Eureka Police Chief Dave Douglas sent out a brief e-mail Wednesday in response to numerous questions.
”There is no new information released to us at this time from the Humboldt County Critical Incident Response Team,” the statement said. “At this time they are still investigating and interviewing people involved.”
The inquiry is being conducted by the Critical Incident Response Team, made up of investigators from the Humboldt County District Attorney's, Coroner's and Sheriff's offices and the state Department of Justice.
”We continue to ask the community for patience and understanding and for anyone with any information to please contact my office,” wrote District Attorney Paul Gallegos in an e-mail.
Humboldt County Coroner Frank Jager said that the results of an autopsy on Moore performed in Redding are not in yet. Jager has said he may call for an inquest on the matter, which would have a jury determine whether a shooting was justified. He said he believes information may show that it was, but that questions remain about why SWAT team members stormed the apartment when they did.
The 48-year-old woman had a flare gun in her possession and was shot multiple times by SWAT officers Friday after a two-hour standoff. Agitated and reportedly depressed, Moore blared loud music and threw objects out of her 516 G St. apartment window as police cordoned off the area.
A bedridden man was reportedly in the same building, and authorities may have feared the flare gun might start a fire.
A police statement on Saturday said that a decision was made to send in the SWAT team if Moore put down her weapon and police knew her location in the apartment.
A former commanding officer of the Massachusetts State Police Ballistics Section, Ronald R. Scott, said a number of questions should be answered. Scott spent 25 years with the Massachusetts State Police, much of that investigating shootings and police-related shootings.
Scott said police are often confronted with weapons that they may be unfamiliar with.
”When people point a gun at the police officer it's a fairly quick decision they have to make,” Scott said from his Phoenix, Ariz., office.

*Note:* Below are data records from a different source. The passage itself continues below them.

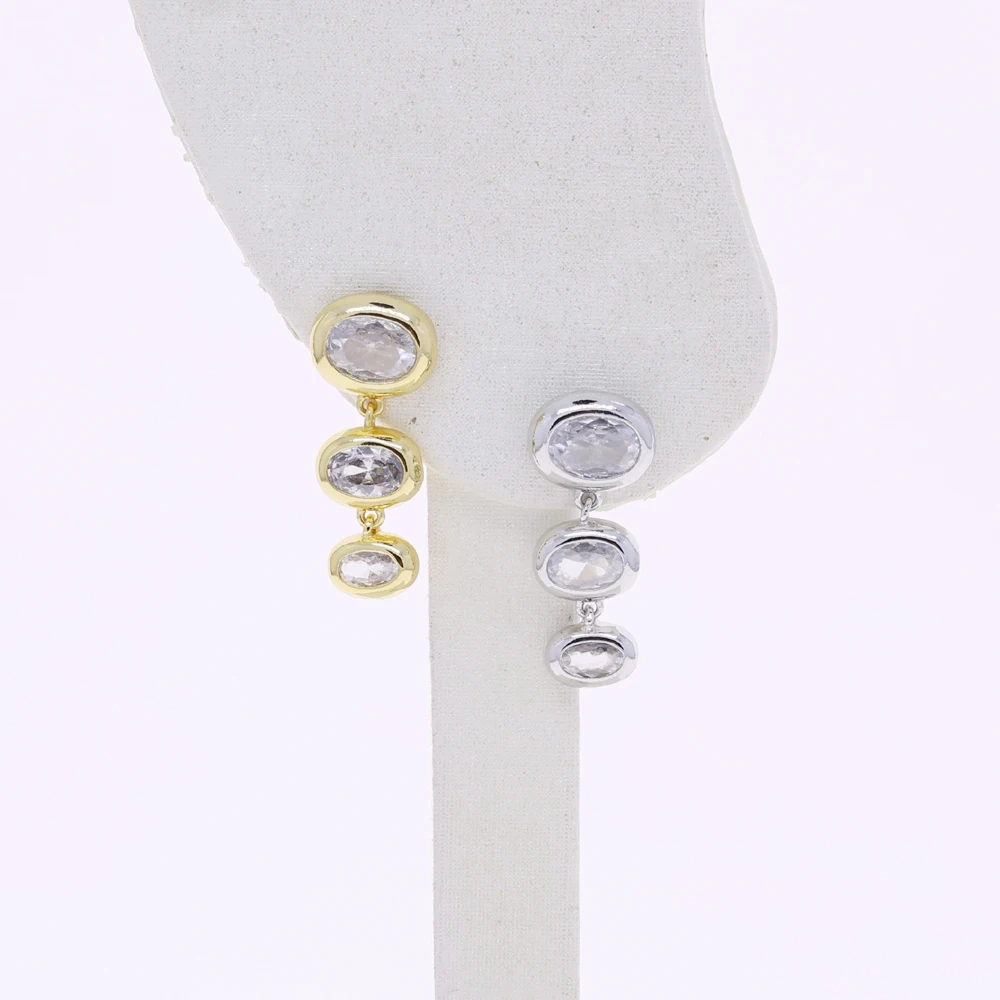 From Large To Small White Round Cubic Zircon Dangle Earrings for Women 18K Gold Platinum Plated Color Fashion Jewelry for Party
From Large To Small White Round Cubic Zircon Dangle Earrings for Women 18K Gold Platinum Plated Color Fashion Jewelry for Party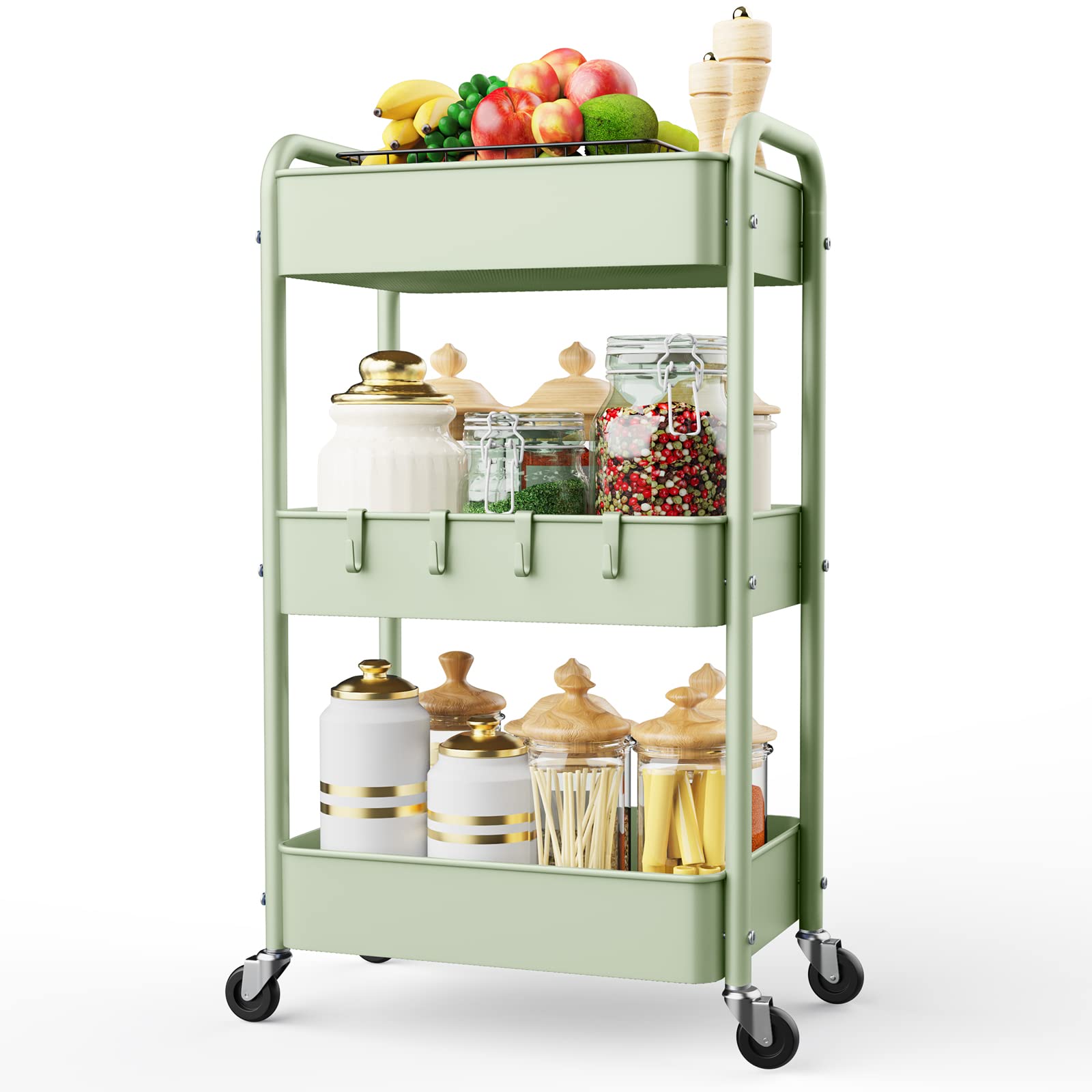 Photo 1 of LEHOM 3 Tier Rolling Storage Cart, Metal Trolley Utility Cart with Wheels & Hooks, Easy Assembly Organizer Storage Cart for Bathroom Kitchen Office Bedroom (Green)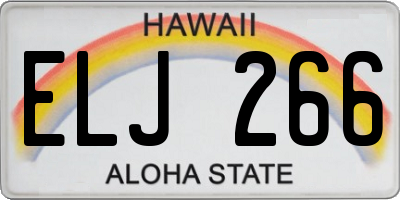 HI license plate ELJ266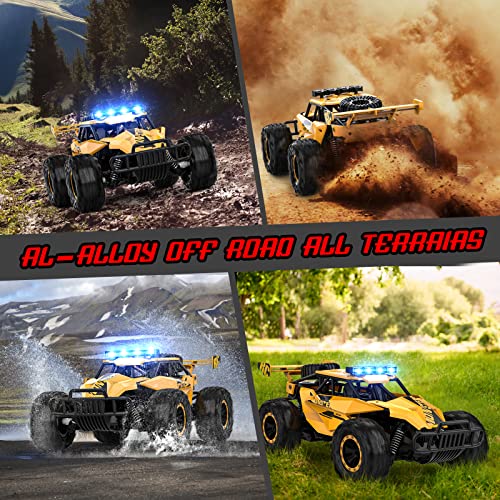 BLUEJAY Remote Control Car, 2.4GHz High Speed 33KM/H RC Cars Toys | 1:12 Monster RC Truck Off Road with LED Headlight and Rechargeable Battery Gifts for Adults Boys 8-12 - color: Matt Yellow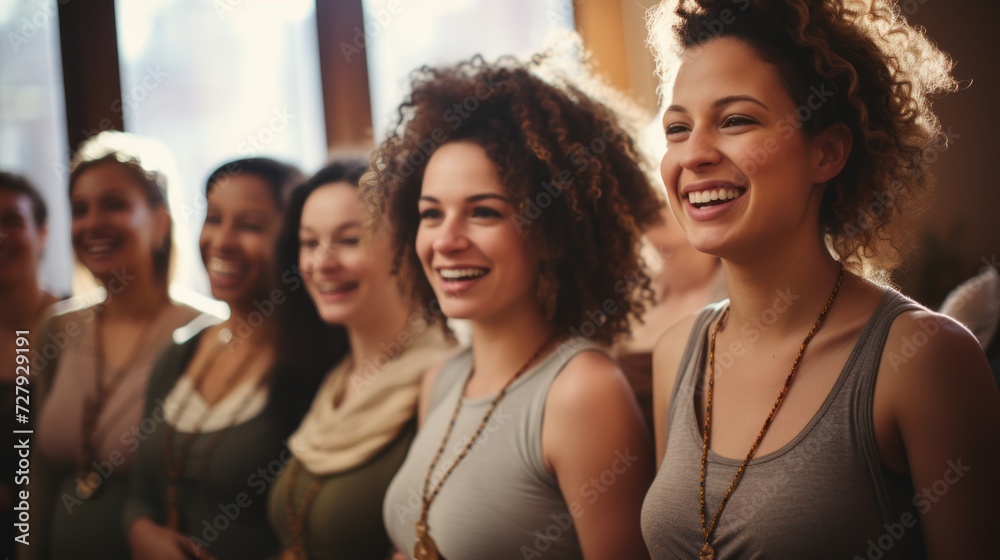 Group of pregnant mothers in prenatal yoga class Smile and practice health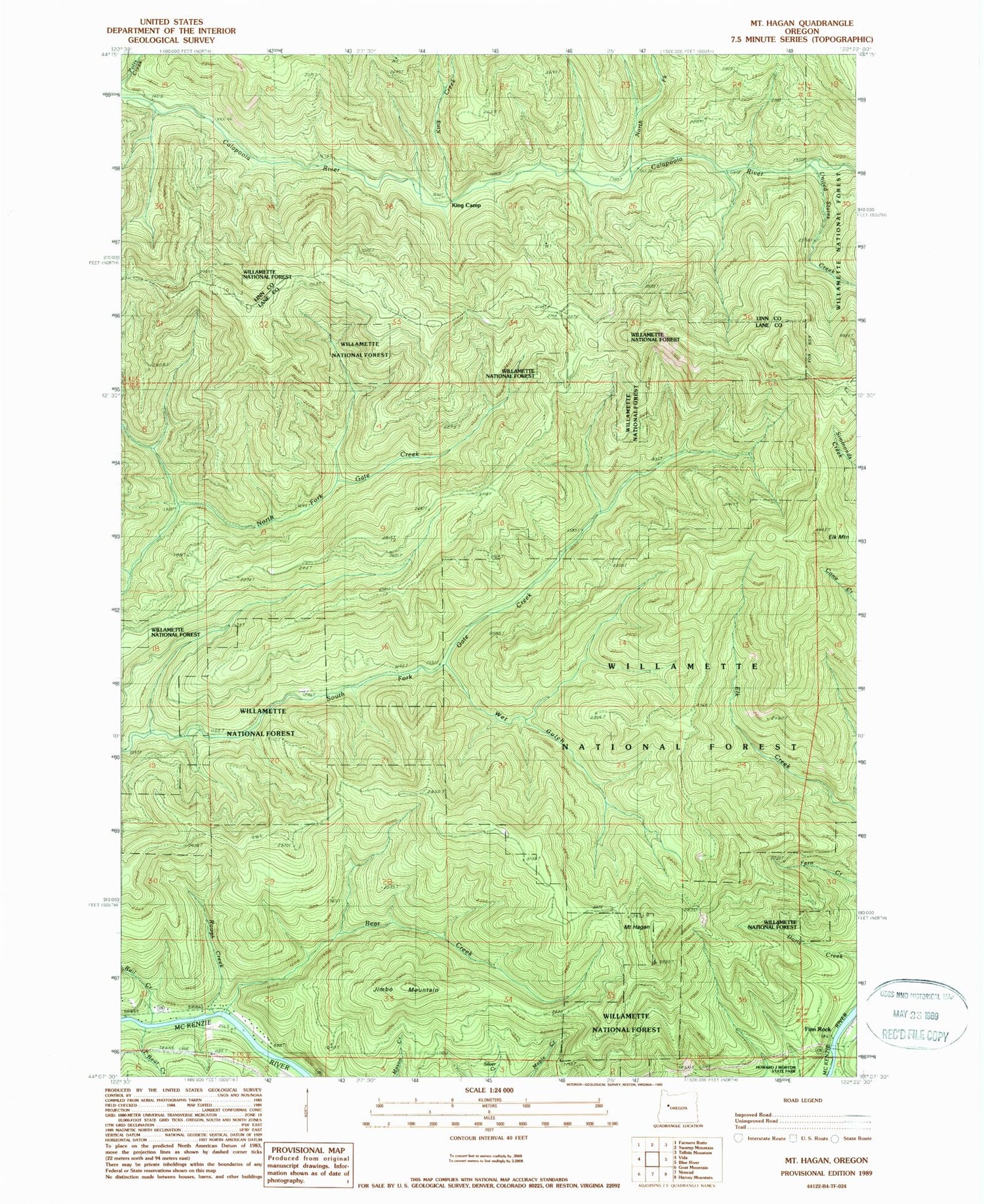 Classic USGS Mount Hagan Oregon 7.5'x7.5' Topo Map Image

Scott said it's possible that a flare -- which burns at 1,100 degrees and can travel 500 feet or more -- could cause serious damage to a person, especially if it hit an artery or sensitive region of the body.
But he added that if police knew that Moore had a history of mental illness and knew what type of weapon she had, and knew that she had no hostage, it appears police may have acted hastily. An investigation should reveal whether other tactics, like using professional negotiators to defuse the situation or tear gas or a police dog to subdue Moore, were thoroughly considered, Scott said.
”What other steps did they take first before they chose the ultimate step of using deadly force?” Scott asked.